** Dataset excerpts follows **

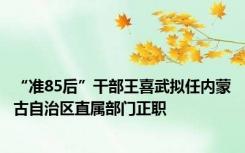 “准85后”干部王喜武拟任内蒙古自治区直属部门正职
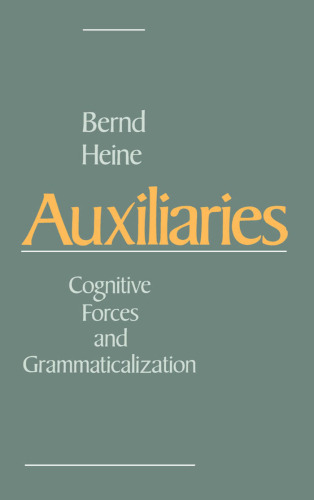 Auxiliaries: Cognitive Forces and Grammaticalization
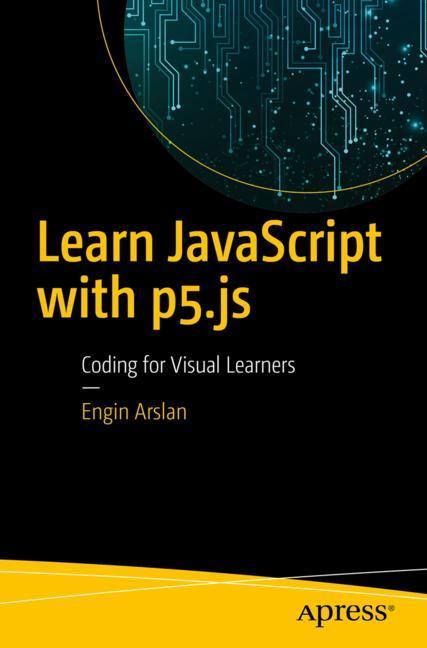 Learn JavaScript with p5.js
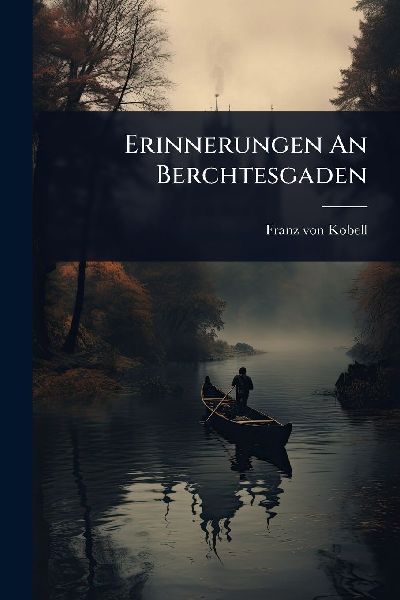Erinnerungen An Berchtesgaden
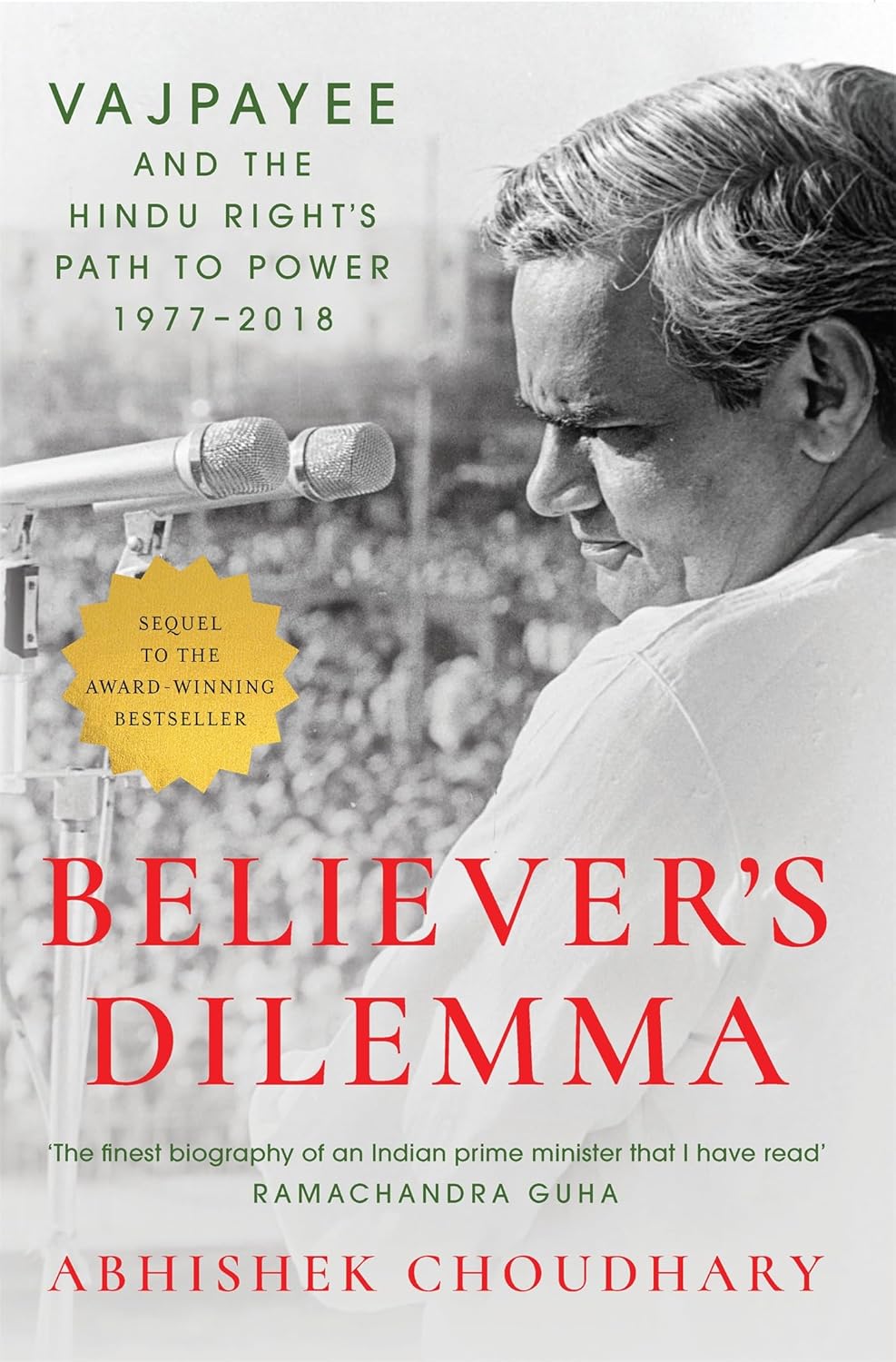 Book Review: Vajpayee: The Ascent of the Hindu Right, 1924–1977 and Believer’s Dilemma: Vajpayee and the Hindu Right’s Path to Power, 1977–2018 by Abhishek&nbsp;Choudhary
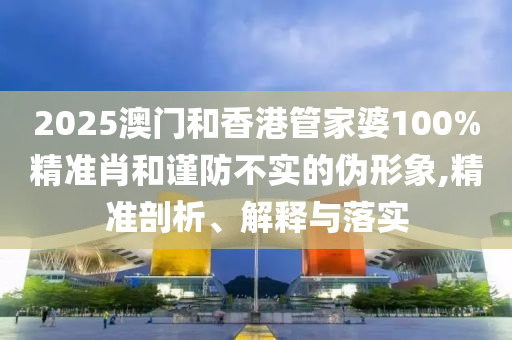 2025澳門和香港管家婆100%精準(zhǔn)肖和謹(jǐn)防不實(shí)的偽形象,精準(zhǔn)剖析、解釋與落實(shí)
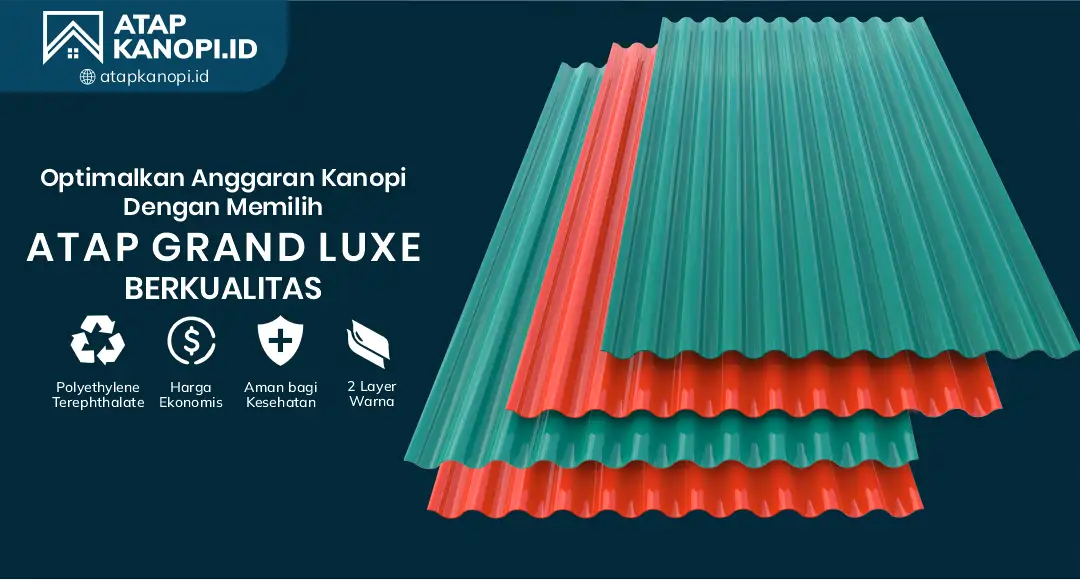 04 Optimalkan Anggaran Kanopi dengan Memilih Atap Grand Luxe Berkualitas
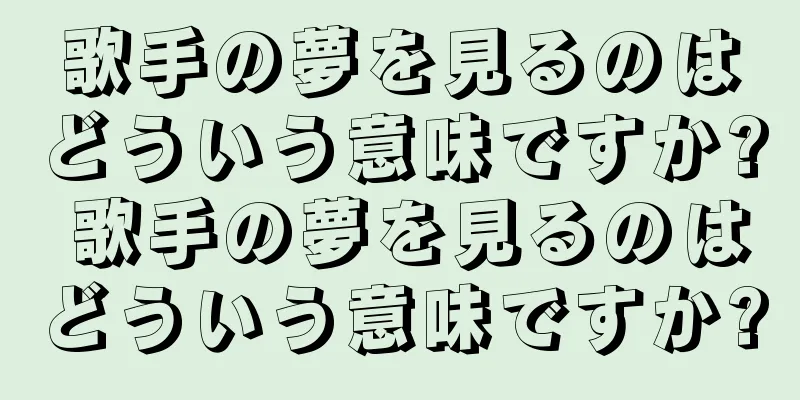 歌手の夢を見るのはどういう意味ですか? 歌手の夢を見るのはどういう意味ですか?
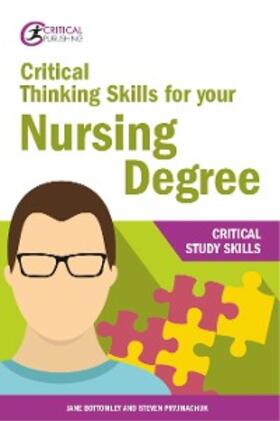 Bottomley / Pryjmachuk |  Critical Thinking Skills for your Nursing Degree | eBook | Sack Fachmedien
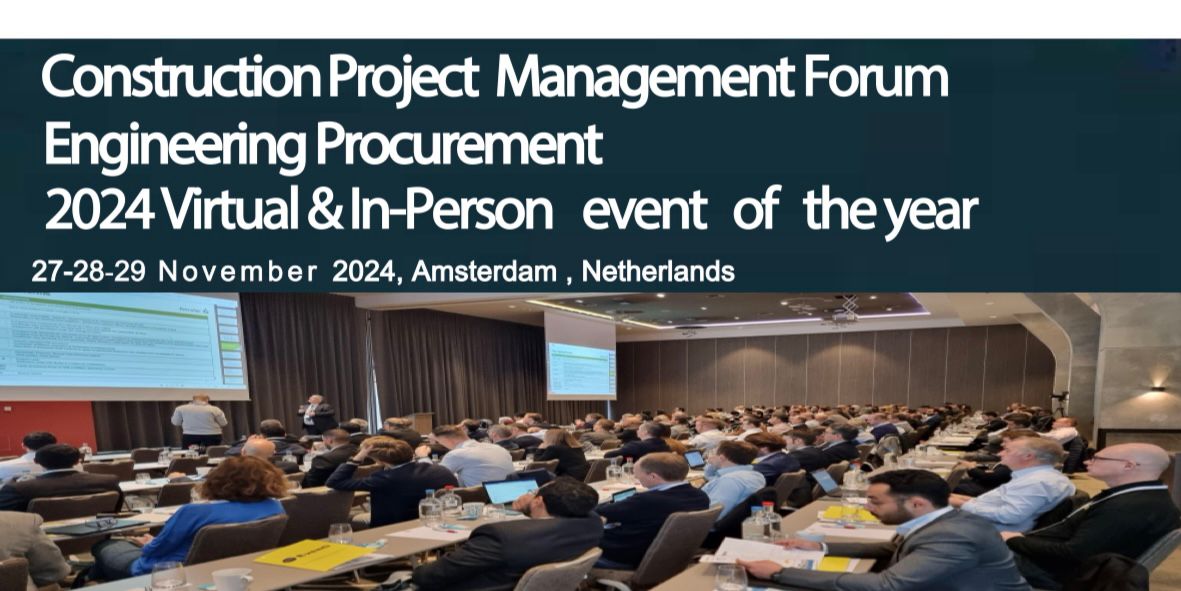 8 th EPC Contract & Project Management Summit, Amsterdam, Netherlands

** End of Dataset excerpts **

● **Your objective**:
From the records above, copy exactly the stretch from the line holding "Erinnerungen An Berchtesgaden" through the line holding "Bottomley / Pryjmachuk", both ends included, without the pictures.

● **Solution**:
Erinnerungen An Berchtesgaden
 Book Review: Vajpayee: The Ascent of the Hindu Right, 1924–1977 and Believer’s Dilemma: Vajpayee and the Hindu Right’s Path to Power, 1977–2018 by Abhishek&nbsp;Choudhary
 2025澳門和香港管家婆100%精準(zhǔn)肖和謹(jǐn)防不實(shí)的偽形象,精準(zhǔn)剖析、解釋與落實(shí)
 04 Optimalkan Anggaran Kanopi dengan Memilih Atap Grand Luxe Berkualitas
 歌手の夢を見るのはどういう意味ですか? 歌手の夢を見るのはどういう意味ですか?
 Bottomley / Pryjmachuk |  Critical Thinking Skills for your Nursing Degree | eBook | Sack Fachmedien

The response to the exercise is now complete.